In August, Cathay Pacific — and its subsidiary Cathay Dragon — carried a combined total of 2.9 million passengers, a drop of 11.3% from the same month last year, the carrier said in a statement to Hong Kong Stock Exchange on Wednesday. This is its biggest monthly fall since mid-2009.
The result came as Hong Kong’s tourism industry has taken a hit from demonstrations that have caused more than 30 countries to issue travel warnings for the city. Protestors have occasionally massed in the international airport terminal since July, which has led to flight cancellations.
Hong Kong’s Financial Secretary Paul Chan Mo-po said last week that the number of inbound tourists heading to Hong Kong in August dropped by 40%.

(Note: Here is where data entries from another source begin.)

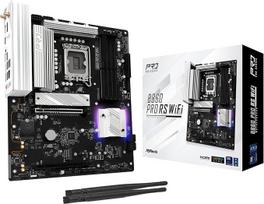 "ASRock" pagrindinė plokštė B860 Pro RS WiFi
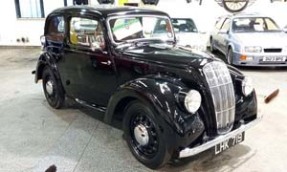 1946 Morris Eight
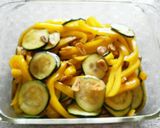 夏野菜のマリネ♪sweet821風作り方3写真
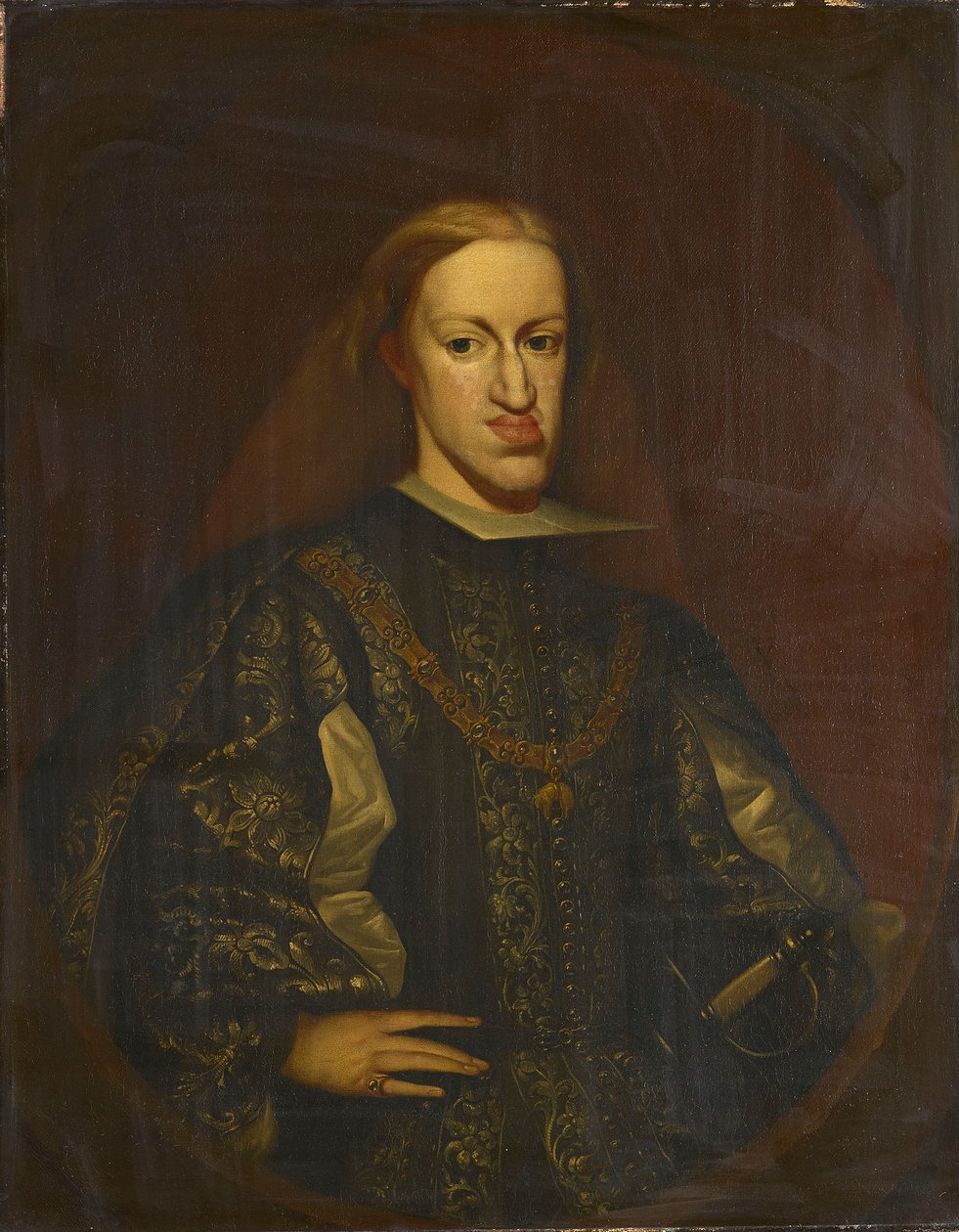 Carlos II, roi d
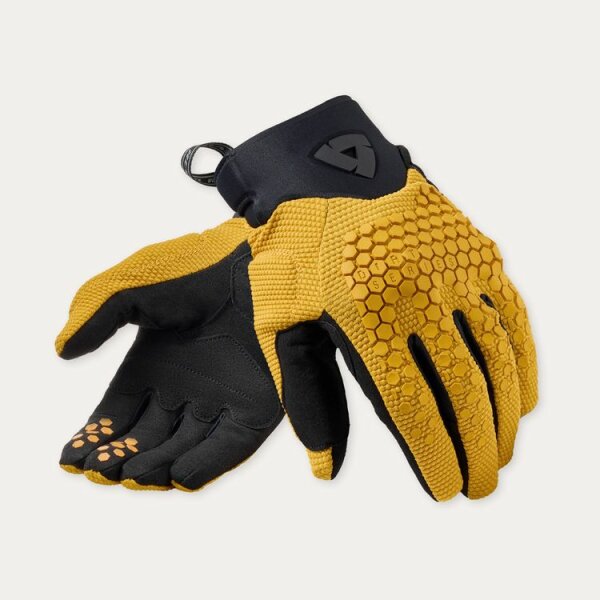 REVIT! Handschuhe Herren Massif Gelb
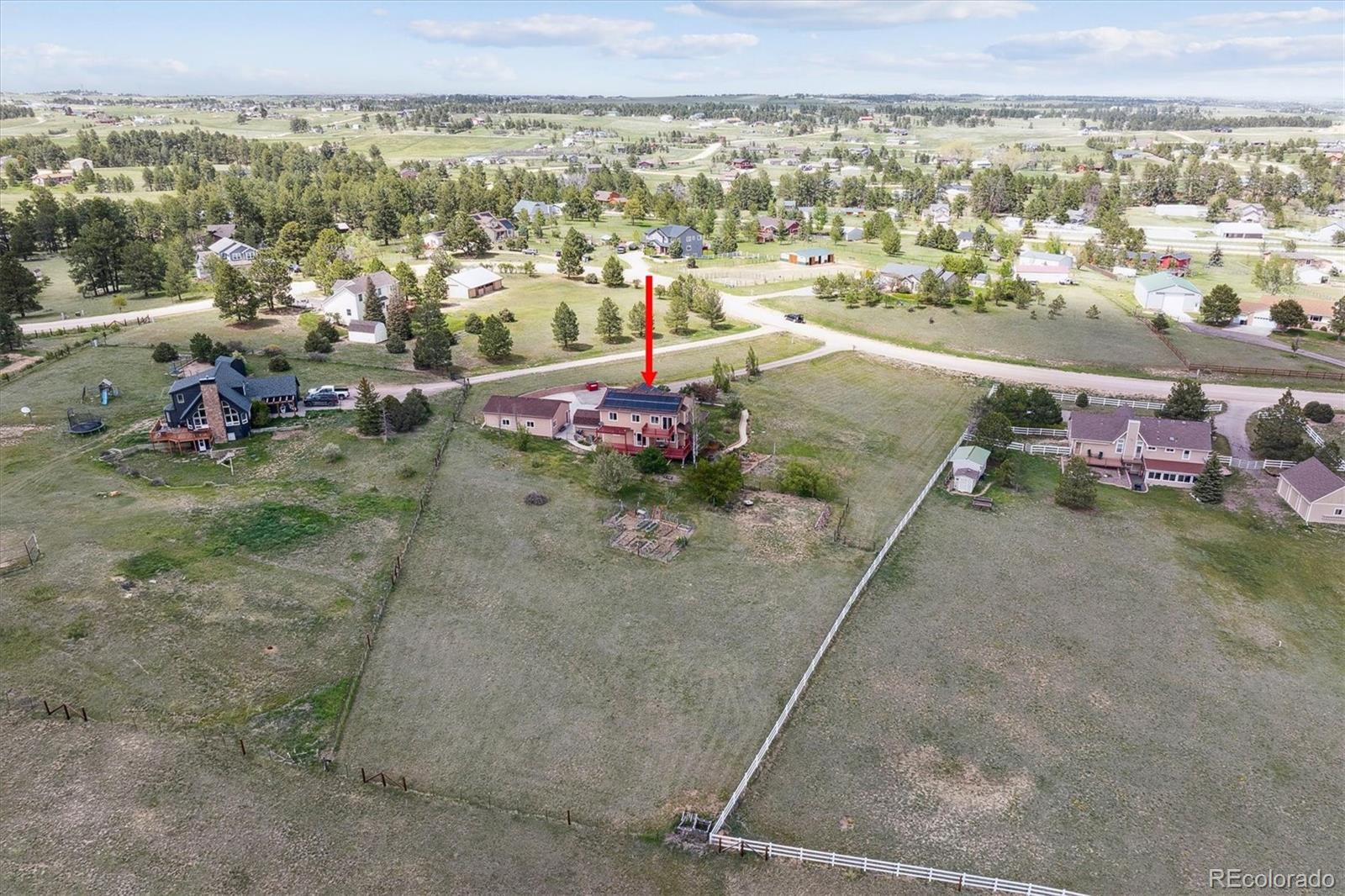 MLS Image #33 for 2146  savage road,elizabeth, Colorado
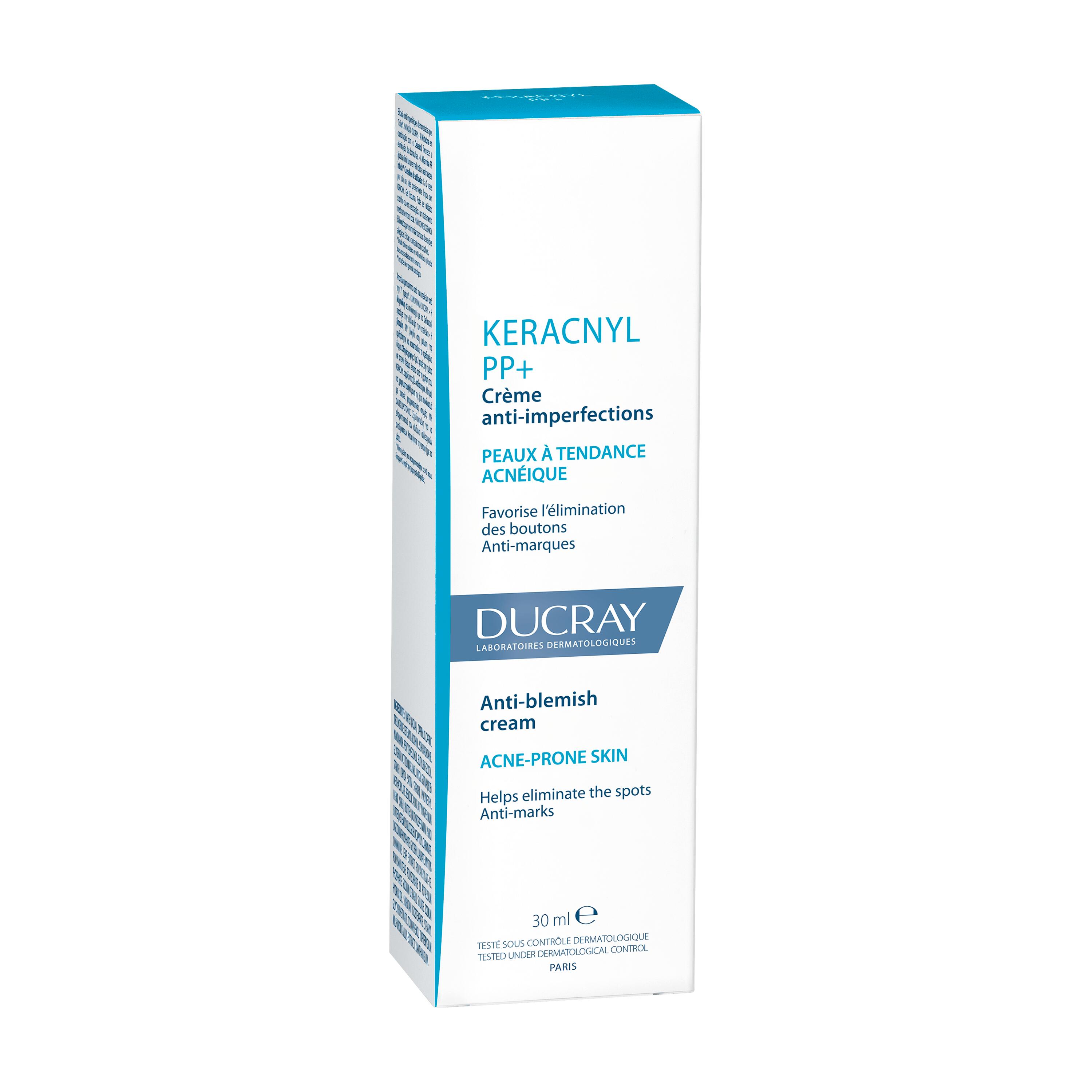DUCRAY KERACNYL PP  Creme gegen Hautunreinheiten Creme Tb 30 ml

“August was an incredibly challenging month, both for Cathay Pacific and for Hong Kong,” said the airline’s chief customer and commercial officer, Ronald Lam.
“Overall tourist arrivals into the city were nearly half of what they usually are in what is normally a strong summer holiday month, and this has significantly affected the performance of our airlines.”

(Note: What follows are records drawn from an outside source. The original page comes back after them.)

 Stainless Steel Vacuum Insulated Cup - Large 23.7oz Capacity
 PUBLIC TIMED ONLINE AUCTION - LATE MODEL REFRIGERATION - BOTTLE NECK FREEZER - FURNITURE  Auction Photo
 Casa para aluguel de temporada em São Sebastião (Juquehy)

Cathay Pacific said that inbound traffic to the city from markets in the Chinese mainland and Northeast Asia had been particularly hard hit. Relative to leisure travel, demand for premium class travel suffered a more significant drop, the carrier said.
Cathay Pacific itself has been embroiled in the political turmoil. The Civil Aviation Administration of China, the mainland’s airline regulator, last month issued a notice to the company asking it to suspend staff who supported or took part in “illegal demonstrations, protests and violent attacks.”
Three senior Cathay Pacific executives have also announced their departures, the latest being John Slosar who said earlier this month he would resign and retire from his position as chairman of the company in November.
Cathay Pacific doesn’t see a turnaround coming any time soon and said it has made capacity realignments for the coming months.
It had previously set a target to grow capacity by more than 6% for the 2019 winter season between October and March 2020. It now says that target would be adjusted: capacity during the period would remain roughly the same as the 2018 winter season.